To conclude the mapping introduced in the previous paragraph, a use
case is defined to be a set of ordered functions visible to the
user with each transaction composed of one atomic process.
[0039] Use cases are subsequently used to define class categories
and class diagrams as part of the software design process. Class
categories partition the system into high-level groupings of
classes and objects [WHITE94]. Class categories represent objects
defining the organization of a software application. Since
categories inherently build boundaries, they can be used to define
the application boundary for Function Point Analysis. In FIG. 10,
sales entry, inventory, and billing are examples of class
categories.
[0040] The Class Category that is associated with the complete
application boundary is identified as Application Class Category
(ACC). All other class categories not a subcategory of the ACC are
identified as of an External Class Category (ECC).
[0041] In OOAD, a class captures the common structure and common
behavior of a set of objects [WHITE94]. The existence of classes
and their relationships in the logical design of a system is
represented in the class diagrams containing the required classes.
FIG. 11 illustrates the classes (cloud-like icons) defined for one
class category. The graphic representation of the class diagram
clearly delineates the data that will be internal to the category,
and allows us to use this OOAD technique to classify object
diagrams as transactional function types.
[0042] The final OOAD technique, the object diagram, is used to
validate the class diagram against the original use cases. Object
diagrams describe how the object will interact to carry out key
system functions [WHITE94]. By redefining object diagrams to be a
description of how objects collaborate to realize a use case, an
object diagram can be viewed as a graphical representation of a use
case. Collaboration is an ordered set of pairwise object
relationships. These relationships are "has", "use", "association",
and "inheritance".
[0043] As illustrated above, the object diagram identifies the
classes, the methods, and parameters which more completely define a
particular use case. If the data comprising the transactional data
can be extracted from an object diagram, a Function Point metric
can be derived.

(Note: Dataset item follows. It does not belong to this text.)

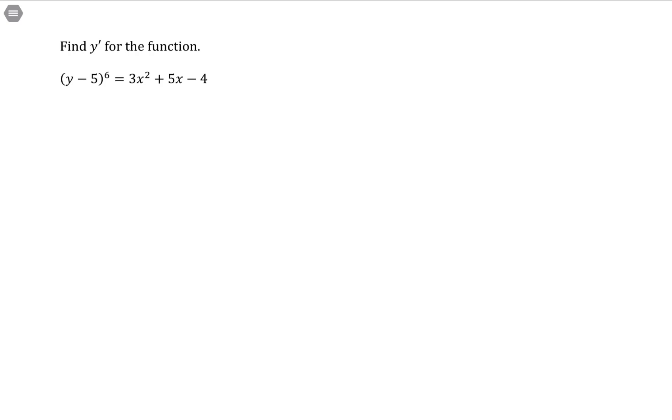Find y prime for the function (y - 5)^6 = 3x^2 + 5x - 4. This is an expression that is going to be differentiated using implicit differentiation.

If the data is not available, estimates are based
upon statistical tendencies are used.
[0044] The novel approach of the present invention requires that
each transactional function type can identify its associated data
function types and the data entry types needed in the transaction.
Furthermore, the data entry types needed in the transaction must be
associated to the identified data function types. By definition,
object diagrams identify all classes needed to complete the use
case; therefore, it must identify the data function types. In
addition, object diagrams define the methods used to communicate
between classes (i.e. internally or externally). Parameters can be
included with these methods; these parameters now become a source
for the identification of data entry types. The object diagrams
contain the data needed to extract information for our Function
Point Analysis for each of the transactional function types.

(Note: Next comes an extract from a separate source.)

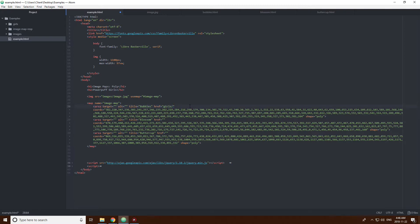But anyways, so girls bubbles.html. Let's make sure this one works.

[0045] Given that the object diagrams do contain the needed data,
how easily can this data be extracted?
[0046] The innovative approach of the present invention detects and
recognizes any data entering or exiting the Application class
category so that transaction function types can be recognized and
the Function Point Count can be automated. FIG. 12 illustrates
behavior of the three transactional function types with respect to
the class category. For example, data entering the class category
but not leaving (which adds, changes, deletes data or a control
function) is classified as an external input (El). Data leaving the
class category but not first entering it (i.e. the data has been
derived in the application) is classified as an external output
(EO). Similarly, data entering and then leaving the class category
(i.e. simple data retrieval) is classified as an external inquiry
(EQ). Once an object diagram is classified, data associated with
the transactional function types can be extracted. The extraction
of the data can be done in at least three ways: examination of
methods and parameters, examination of attributes within the
objects at selected points within the object diagram, or a
combination of both. Furthermore, separation and identification of
internal logical files from external logical files must be done.

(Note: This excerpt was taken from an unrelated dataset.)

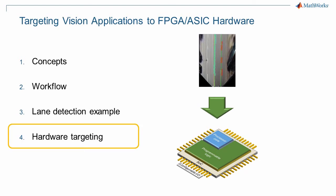This is the fourth part of our series on targeting vision applications to FPGA or ASIC hardware. The previous video outlined some specific hardware implementation decisions made for the lane detection design, and this video will focus on the actual implementation.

This is accomplished by designing the external input object diagram
to include the identification of the data that it is creating,
updating, or deleting.
[0047] Although specific data type detection and classification
rules can be enumerated, these specific rules will be necessarily
contingent upon the specific object-oriented analysis and design
technique used. for example, a partial exposition of the UML (see
above) rules are:
[0048] (1). A parameterized class is not an ILF candidate.
[0049] (2). An instantiated class is an ILF candidate.
[0050] (3). Metaclass is an ILF candidate.
[0051] (4). Utility Class is not an ILF candidate.
[0052] (5). Abstract Class is not an ILF candidate.
[0053] (6). Persistent Class is an ILF candidate.
[0054] (7). If Class is both Persistent and Abstract, then Abstract
overrides and it is not an ILF candidate.
[0055] Once an ILF candidate is identified then three types of
relationships are analyzed: "inheritance," "has," "association,"
and instantiation. The number of DETs are determined by counting
all attributes in an ILF class.
[0056] The extraction method must be (and is) well-defined,
repeatable, and not subject to a specific software design approach.
Successful automation of the Function Point metric from
object-oriented design diagrams allows project managers to take a
proactive role from the early software lifecycle phases of the
development project. Reduced costs for software development will
result directly from this early and continuous insight into a
project.
[0057] Now turning to FIG. 13 we can discuss the sizing process
using the process and device of the present invention. FIG. 13 is a
flow diagram of the improved sizing process using the device and
method of the present invention. The improved process does not
distinguish between a budget or an estimate count. Of course, for a
budget the input to the process is an existing software application
(Step 90), while in an estimate-type sizing process, the detailed
requirements (Step 91) are the input to the process. In another
case, the first step of the improved process is to create and/or
revise the software application design in object oriented format
(i.e. to complete Steps 93-132 discussed previously). It should be
understood that when the software design team completes this
design, it is done in the fashion that the design team might use to
define the structure of the software application in an
object-oriented form using the rules discussed above in connection
with FIGS. 9-11. The difference here is that now the estimated or
actual Adjusted Function Point Count can be calculated directly
from the object-oriented design (i.e. Steps 140-162 are
accomplished automatically and/or directly from the graphical
object-oriented design created in the previous step). On an
as-needed basis, therefore, if the software application is
modified, or if the detailed requirements are revised, the design
team simply has to revise the object-oriented design in order to
immediately receive a revised Function Point Count. In practice,
the Object-Oriented designer needs only to identify one ACC and one
or more ECC's in order to obtain a Function Point Count; this may
be performed easily via adornments or instantiating a stereotype.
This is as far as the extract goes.